Material provided Start Marker
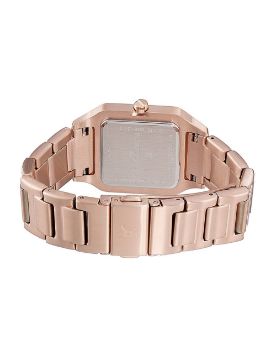 Pierre Cardin Ménilmontant Carré CF.1011.MR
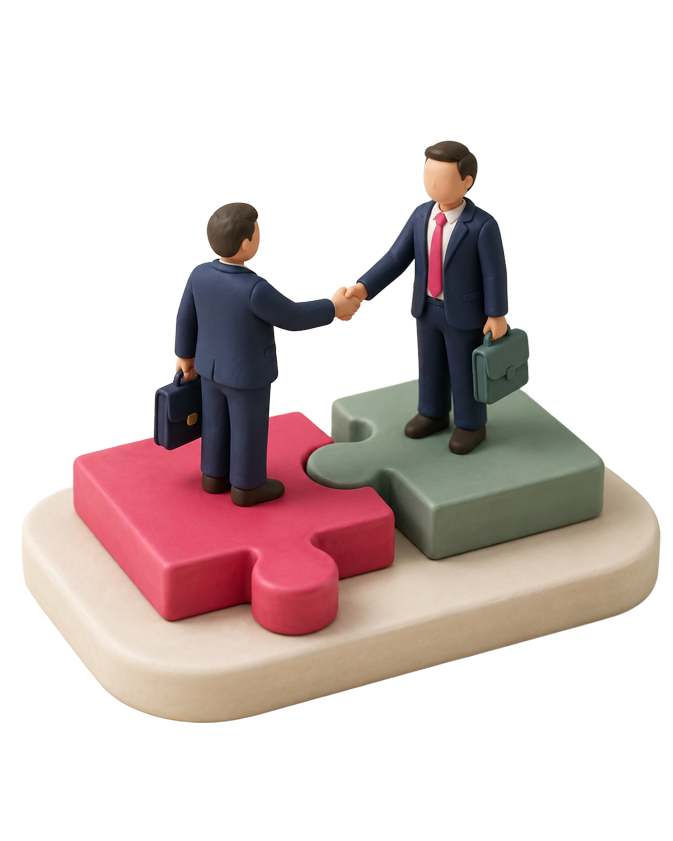 partnership2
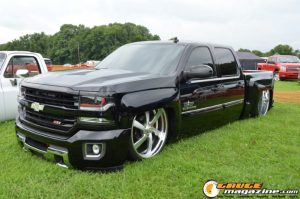 Camp-n-Drag-2025-33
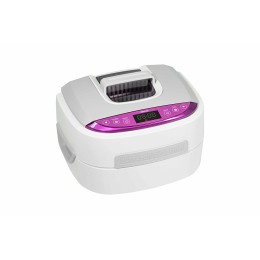 Woson COLLIN 20 - ультразвуковая мойка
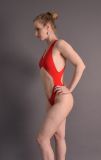 Vashkelita Body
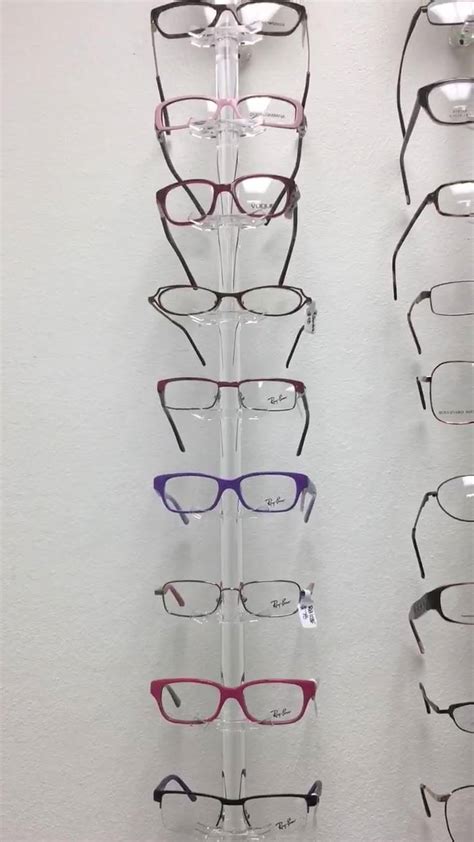 The Eyeglass Repair Guys Home Facebook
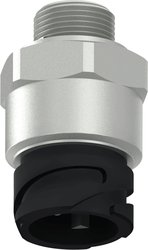 senzor,suspensie pneumatica WABCO 4410441020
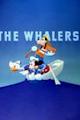 The Whalers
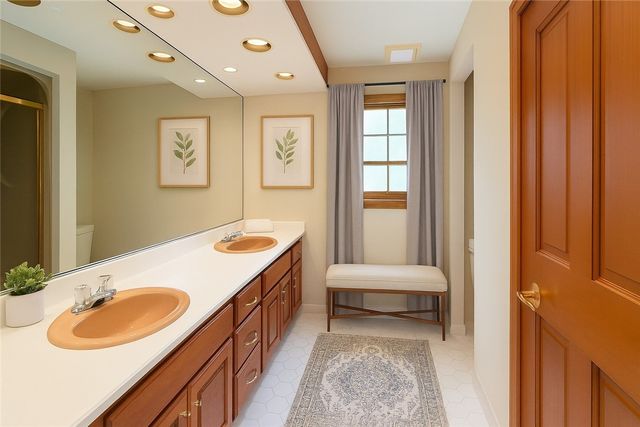 1118 Sandstone Rd, City Of Greensburg, PA 15601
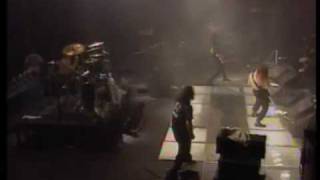 Watch Rotting Christ A Dynasty From The Ice video
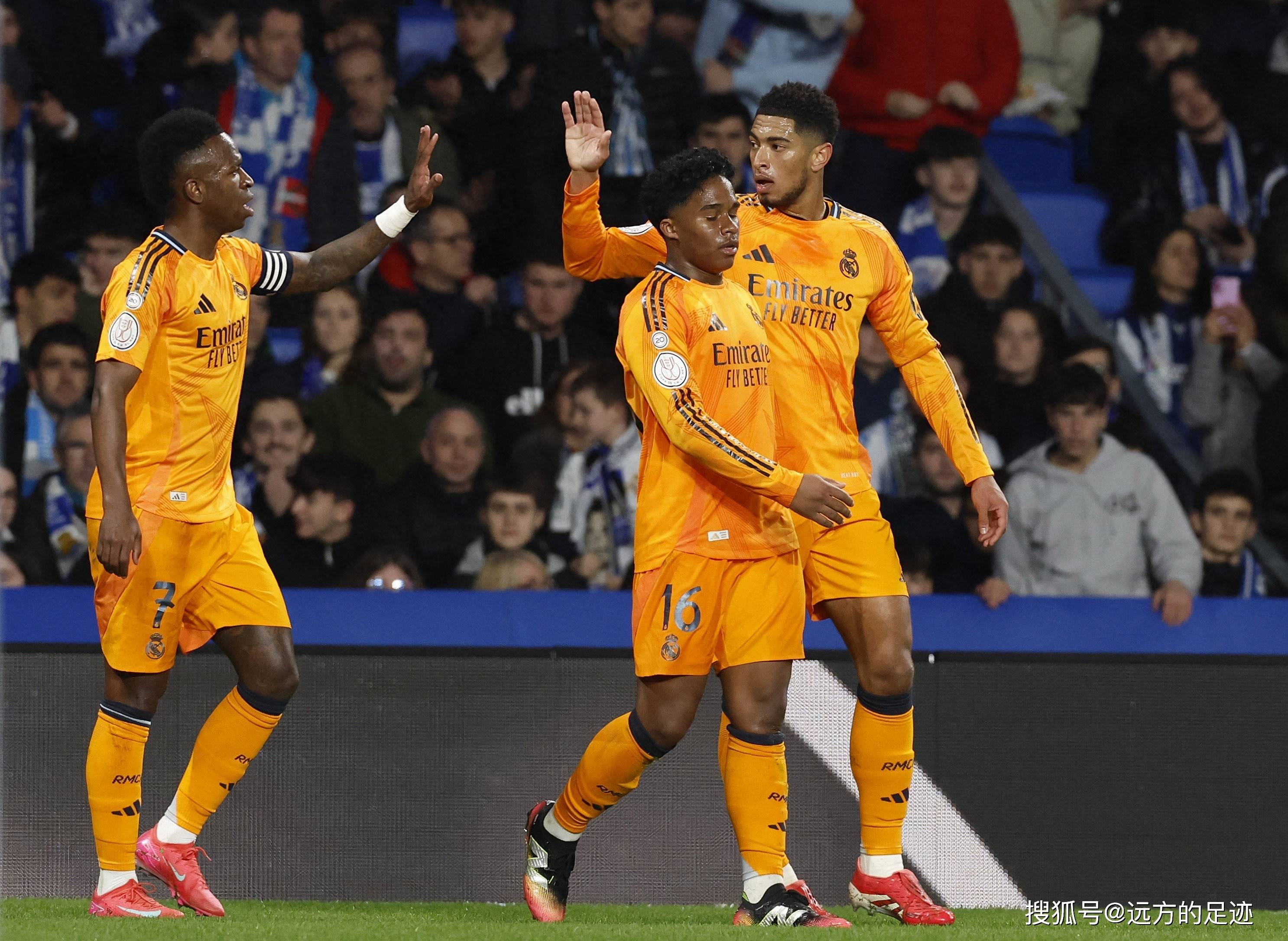 皇马强势瑞士,恩昆库送出助攻的简单介绍 皇马强势瑞士,恩昆库送出助攻的简单介绍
Material provided End Marker
§ Exercise details
Leaving out the images, return the entries above exactly as they read.

§ Result of this task
 Pierre Cardin Ménilmontant Carré CF.1011.MR
 partnership2
 Camp-n-Drag-2025-33
 Woson COLLIN 20 - ультразвуковая мойка
 Vashkelita Body
 The Eyeglass Repair Guys Home Facebook
 senzor,suspensie pneumatica WABCO 4410441020
 The Whalers
 1118 Sandstone Rd, City Of Greensburg, PA 15601
 Watch Rotting Christ A Dynasty From The Ice video
 皇马强势瑞士,恩昆库送出助攻的简单介绍 皇马强势瑞士,恩昆库送出助攻的简单介绍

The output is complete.